More than anyone else Waylon Jennings figured out the appeal of the outlaw on this 1972 album, which introduced the “outlaw” Waylon we’d learn to love. The classic title track also introduced country listeners to an underappreciated song writer, Lee Clayton. Here it is:
What he doesn’t have to say is that while the ladies love outlaws, the men want to be them. Not as widely played then or remembered now as Waylon’s masterpiece, “Are You Sure Hank Done It This Way?”, this song reintroduced the outlaw to country music after years in exile while Nashville pop singers tried to compete with the Beatles.

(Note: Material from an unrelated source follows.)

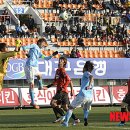 시민운동장(공중) 이미지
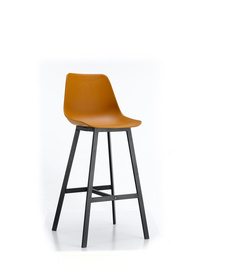 nordic barstool 8085C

This next trio comes from groups pushed to the fringes of the music they helped revive. The first track is The Byrds’ recording of the Woody Guthrie standard “Pretty Boy Floyd” from the seminal country-rock record, Sweetheart of the Rodeo. Heavily under the influence of fortunate son Gram Parsons, the Byrds explored country music with the same musicianship and sincerity they devoted to folk music years earlier. The next track is the first from Parsons’ own final album – Its a seldom seen favorite in such high demand that we can sell a copy in minutes if I post its arrival at the shop on Facebook (We have reasonably priced reissues of the two Gram Parsons solo LPs, too).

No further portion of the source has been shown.